Publication: Monitor Volume: 3 Issue: 196
On October 14 the Estonian parliament passed a law allowing for the introduction of import tariffs. This was mainly a result of long-standing pressure from Estonian farmers, unable to compete with the flood of subsidized food imports from the EU. It was also in part a response to the nation’s yawning current account deficit, which reached 4.3 billion kroons ($360 million, or 14 percent of GDP) in the first half of this year.
The government introduced the tariffs proposal in January, but has been struggling with opposition from pro-free trade parties. As a compromise, the new law allows the government to levy customs duties only for a six month period, after which they must seek parliamentary approval. Likely targets for import tariffs are pork from the EU and chickens from the U.S. Reform Party chairman Siim Kallas complained that "Estonia’s success used to rest on three pillars: a liberal economy, a firm kroon, and a balanced budget. The first of these is now crumbling." (BNS, October 14)

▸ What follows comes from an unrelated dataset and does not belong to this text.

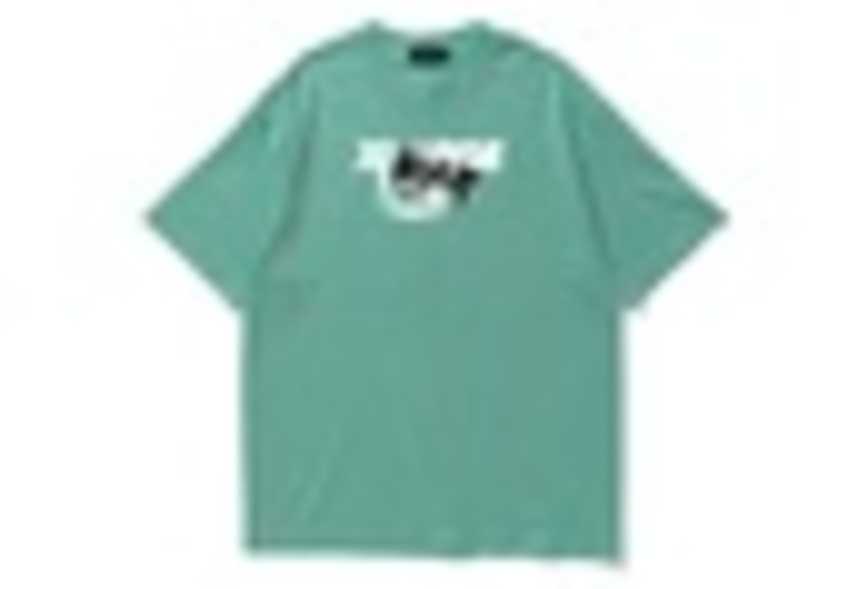 ヒロアカ×XLARGE コラボデザインのTシャツやデニムパンツ登場の画像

The current account deficit (which was already 10 percent of GDP in 1996), is in part a result of the overheating of the Estonian economy. In the first quarter of 1997 GDP grew at an annual rate of 10.8 percent and industrial output soared 17 percent in the second quarter. (Bank of Finland, Week in Review, October 17) In September talks with the IMF broke down over the IMF’s insistence that the government aim for a 2 percent surplus in the 1998 budget in order to slow down the economy. Estonia’s strict currency board system, which pegs the kroon at eight to the Deutsche mark and ties money supply to the inflow of foreign currency, restricts the government’s ability to manage the economy. In September inflation was running at an annual rate of 11.9 percent in Estonia (compared to 8.1 percent in Latvia and 8.7 percent in Lithuania). On October 22 the Estonian parliament will start discussing the government’s draft 1998 budget, which — contrary to the IMF’s wishes for a substantial surplus — it intends to be in balance. Revenue will rise 15 percent on the 1997 level, to reach 36 percent of GDP.